この劇は中央ヨーロッパ、主として現在のドイツ周辺、において、1618年から48年まで行われたいわゆる「30年戦争」を舞台としている。これは元々プロテスタントとカトリックの間の宗教対立がきっかけで始まったが、やがてヨーロッパ大陸の大国間のパワーゲームと化し、止めたくても止められない泥沼の長期戦争となったようだ。当時戦争に関わった人々にとっては、ずっと1つの戦争が続いていたのではなく、英仏の百年戦争のように、戦争と休戦が続く戦乱の世であったのだと思う。日本で言うと戦国時代みたいなものか。

この長期の戦争を舞台に、兵士に食料を売るキャンティーンのワゴン(屋台)を引っ張って軍に寄生してついて回るのが、主人公のAnna Fierlingこと、Mother Courage(日本では「肝っ玉母さん」と訳されていたと思う)。彼女は、長男のEilif、やや知恵遅れと見られるが正直な次男、Swiss Cheeze、そして兵士に暴力をふるわれて口がきけなくなった娘、Kattrinの三人と共に、大きなワゴンを引っ張り、戦場となったヨーロッパを東へ西へと軍と共に移動する。但、劇の冒頭、唯一まともな子供である長男は、プロテスタント軍の兵士のリクルーターの勧誘に負けて、母や弟妹を残して兵隊になってしまうため、Mother Courageは体ばかり大きくても頼りない二人の子供を守るために必死だ。

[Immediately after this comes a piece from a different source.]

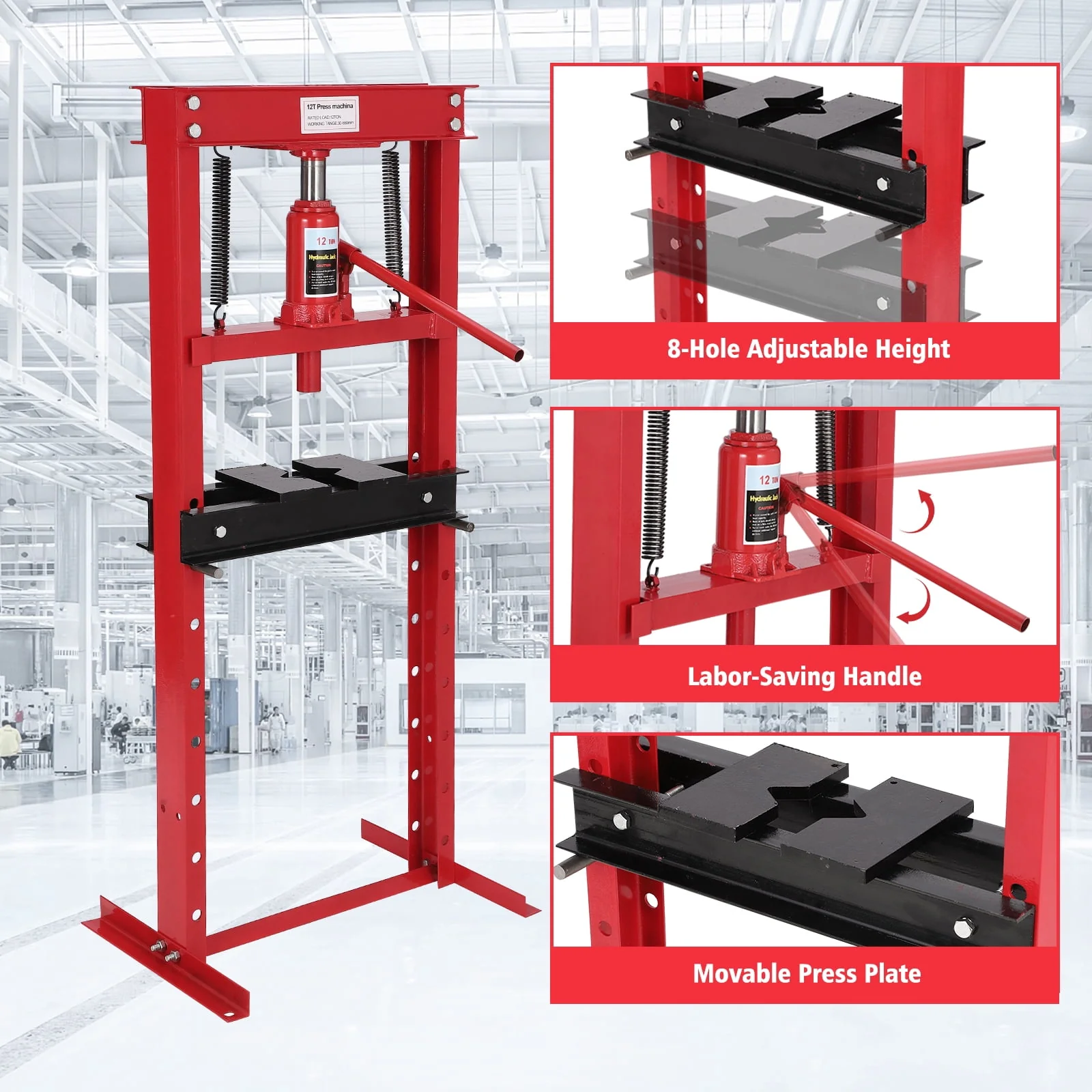 12 Ton Hydraulic PressBenchtop Hydraulic Shop PressH-Frame Garage Floor Press with Press PlatesAdjustable Working Table HeightRed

彼女たちは、最初はプロテスタントのスエーデン軍と共にいたが、やがて形勢が逆転し、スエーデン軍はあっと言う間に退却。一家は取り残されて、カトリックの兵隊に囲まれる。Mother Courageは、たくましく直ぐに宗旨替えをして、カトリックの旗を掲げ、マリア様の像を置いて、新しい客と商売をしようとする。しかし、正直さを買われて、プロテスタントの連隊から大金が入ったかばんを預かっていたSwiss Cheeseは、カトリック兵士に捕らわれ、連れ去られる。Mother Courageは、息子を取り戻すために、知り合いの売春婦Yvetteを通じて身代金を払おうとしたが、彼女の唯一の生きる手段であるワゴンを手放すわけにはいかない。相手と金額の交渉をしているうちに、兵士達はしびれを切らしてSwiss Cheeseを惨殺する。息子の血にまみれた死体を見せられたMother Courageは、自分と娘の身を守るため、この男とは会ったこともない、と証言する・・・。

このような無惨なシーンがある一方で、ノンビリと鳥の羽をむしって商売の準備をしている場面や、軍の本部に苦情を言いに行って、部隊のテントの前で自分の順番が来るのを待っている間、同じく苦情を言いに来た兵隊とおしゃべりをしたりするシーンなどもある。戦争というものが、激しい戦闘場面ばかりではなく、全体としては色々な日常的営みを含み、時間的、空間的広がりもあることを、この劇は教えてくれる。三十年も戦争が続けば尚更だが、長期戦は、戦争の中で生まれ生活をし、兵隊以外にも戦争をなりわいとして生きる多くの人を生むと言うことか。この作品にもYvetteという売春婦、軍の料理人、従軍司祭など、幾人も出てくる。彼らの生きる環境は戦争。平和は休戦であり、戦闘と戦闘の間の時間に過ぎない。20世紀前半を生きたブレヒトは、第一次と第二次の世界大戦を1つのものとして捉えていたのであろう。その前後にもスペイン内戦や日中戦争、朝鮮戦争など、2つの世界大戦と関連する色々な戦争があった。そして、Tony KuchnerやDeborah Warnerから見ると、今我々が生きている世界も戦争のまっただ中、ということだろうか。長期化したイラクやアフガニスタンの戦争、終わることのないパレスチナ紛争やスーダン、チェチェン、ソマリア等々の紛争、戦争の間に平和な場所や平和な時間があるのかも知れない。そして、多くの人々がMother Courageのように戦争を飯の種にしつつ生きていかざるを得ない。イギリスでもアメリカでも軍需産業はもの凄く強大だ。その周辺には、Mother Courageのような庶民が沢山いる。

劇は12ものシーンから構成され、戦争の過酷な現実と、その間の凪のような空間がやや散漫に綴られている感じだ。しかし、この劇のそうした散漫さ、いささか長ったらしく感じるところこそが、戦争のブレヒトが訴える戦争の現実だと思えた。Fiona Shawが先日Andrew Marr Show (毎日曜日にあるBBCテレビのニュース・ショー)に出て言っていたが、この劇は12の違う劇で演じているような気がする、とのことだ。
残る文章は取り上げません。